The results showed that MW qualitatively contained almost the same metabolome information as that of US and SS. Quantitatively, a limited number of metabolites were characteristic of MW and SS, but individual differences were reflected in all three sampling methods (Table 3). These findings suggest that MW is a promising alternative to saliva samples for analyzing oral metabolome profiles.
With respect to qualitative analysis, the composition of metabolites in the MW samples was more than 80% identical to that of the US and SS samples, which have been previously used for oral metabolome analysis. Furthermore, the samples collected using the different methods contained almost the same composition (Fig. 1). Since the diversity of the oral microbiota in US, SS, and MW is similar according to the oral microbiome studies conducted by Jo et al.13,14, it can be expected that MW would reflect US and SS metabolome profiles as well. Figueira et al.19 reported findings from a comparative analysis of unstimulated, stimulated, and parotid saliva using nuclear magnetic resonance spectroscopy-based metabolome analysis, and detected 45, 44, and 44 metabolites, respectively. Although there are differences in the composition ratios, the metabolites detected are almost identical. This is consistent with our current results and validates the study because the types of metabolites detected in US and SS signified almost the same metabolome information.
The relative area of the metabolites not detected in MW samples was small (Supplementary Fig. S1), suggesting that the MW sampling method failed to detect few metabolites, perhaps due to the dilution of metabolites present at low-concentrations in the oral cavity, resulting in these metabolites not being detected in MW. Metabolites not detected in MW but detected in more than half of the US and SS samples included thymine, octopine, and O-phosphoserine, which are pyrimidine metabolites, a derivative of arginine and alanine, and a phosphate ester of serine, respectively. These metabolites have either not been quantified or detected in saliva or their quantitative values have been reported to not be large20. Overall, these results indicate that MW contains almost the same metabolome information as US and SS, but there are some components that are characteristic of only US and SS. These points should be considered when conducting research using MW sampling for oral metabolome analysis.
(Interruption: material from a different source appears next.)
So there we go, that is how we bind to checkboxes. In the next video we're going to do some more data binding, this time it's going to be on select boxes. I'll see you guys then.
With respect to quantitative analysis, we observed that the oral metabolites obtained using the three collection methods were divided into three major clusters by hierarchical clustering analysis: clusters characteristic of MW, of SS, and of all three sampling methods with similar metabolome profiles (Fig. 2A, B and Table 3). Cluster 1, a cluster characteristic of SS, contained most of the amino acids (Supplementary Table S2). Figueira et al.20 reported that the metabolite compositions of US and SS differ and speculated the reason for the difference to be the increase in the proportion of parotid saliva with masticatory stimulation, which was reflected in the SS composition. In addition, as reported by Neyraud et al.21, amino acids are found to be more abundant in SS than in US. In MW, 15 metabolites were characteristic and most of them were considered to have oral origin, i.e., saliva, tartar, GCF, or the tongue coating (Table 4). The reason for the greater abundance of these metabolites in MW compared to that in US or SS is unclear. However, it is possible that these metabolites were more easily obtained by rinsing the mouth with water than by salivation, with or without stimulation. Accordingly, care should be taken when performing comparative analysis of these metabolites, as they may behave differently when compared to those in US or SS.
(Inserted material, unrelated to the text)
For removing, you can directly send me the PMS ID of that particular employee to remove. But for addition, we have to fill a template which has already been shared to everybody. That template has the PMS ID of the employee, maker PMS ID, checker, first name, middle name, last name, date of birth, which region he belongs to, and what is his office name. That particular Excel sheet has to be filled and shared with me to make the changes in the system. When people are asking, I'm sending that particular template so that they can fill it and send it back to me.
Hierarchical clustering and comparative analysis of the 108 oral metabolites commonly detected in the three sampling methods with no significant differences (Figs. 3 and 4) revealed that the differences among the subjects were larger than the differences among the three sampling methods. In other words, the profiles of these metabolites reflected individual differences rather than differences depending on the sampling method, suggesting that MW, like US and SS, may be an oral specimen that reflects individual differences. We have reported that the differences in the microbiome reflect individual differences rather than sampling method differences (MW, SS, US, and tongue) in our previous comparative study13. We, therefore, believe that similar results were obtained in the current study on metabolites.
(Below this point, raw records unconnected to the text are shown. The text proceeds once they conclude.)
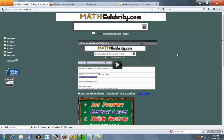Let's say we want to compare 9 and 5. So we'll say 9 equals 5, or we could say 9 less than 5, 9 greater than 5, or 9?5. Any one of those four symbols would work — greater than, less than, equal to, or question mark.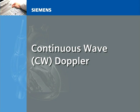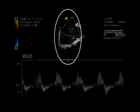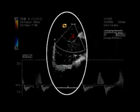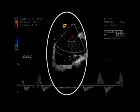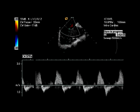Continuous Wave (CW) Doppler. This example of CW Doppler allows for the calculation of peak velocity. CW Doppler does not have the aliasing limitation of PW Doppler and can be used to characterize very high velocity blood flow. CW Doppler can determine the maximum or peak velocity through a specific valve or chamber within the heart. However, because it does not utilize a sample gate as in PW Doppler, it is incapable of determining the exact location of very high velocities.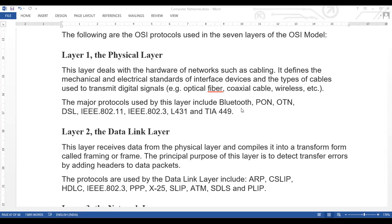Bluetooth is well known to us all. DSL uses the telephone line. IEEE 802.11 covers types like 802.11b and 802.11n — different types of protocols. IEEE 802.11 is used for Wi-Fi, and with it we also have two types of bands: single band and dual band, with single channel and dual channel variations.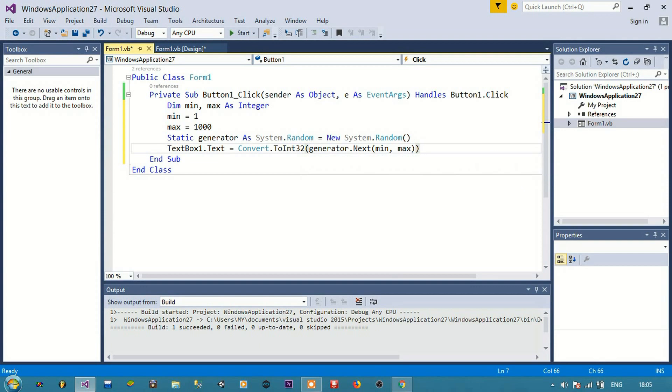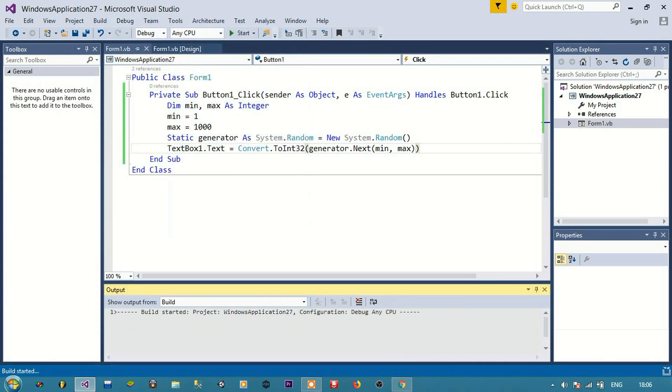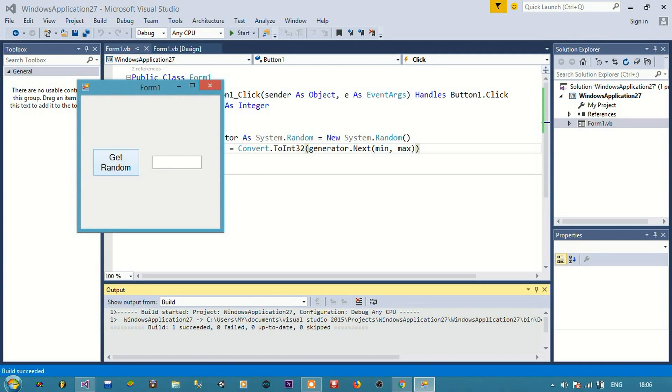So this is the code you need to give. Now when I run this, this is how I'm getting the random numbers, between one to one thousand.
The findings of this study must be seen in the light of some limitations. Salivary composition is well known to exhibit circadian rhythms. Kawanishi et al. reported significant differences in metabolite concentrations in unstimulated saliva between morning (8:00–9:00) and evening (17:00–18:00), and in stimulated saliva between morning and daytime (12:00–13:00) and between daytime and evening22. In the current study, as the samples were collected between 14:30 and 17:20, it is presumed that the observed differences between the subjects are unlikely to be greatly affected by the diurnal variation. However, its effects cannot be completely ruled out and need to be addressed in future studies. In addition, we profiled hydrophilic metabolites using CE-TOFMS. Since 99% of saliva is water, CE-TOFMS is suitable for profiling a wide range of metabolites. However, poorly water-soluble chemical compounds, such as lipids, have been found to be present in saliva23,24. Therefore, further analysis is needed to perform a fully comprehensive oral metabolome profiling. Moreover, although MW appears to be a useful method to collect oral samples from subjects who have difficulty producing saliva, such as patients with dry mouth and the elderly, to verify the usefulness of MW sampling for these individuals, it will be necessary to include subjects with low saliva volume, such as those with xerostomia.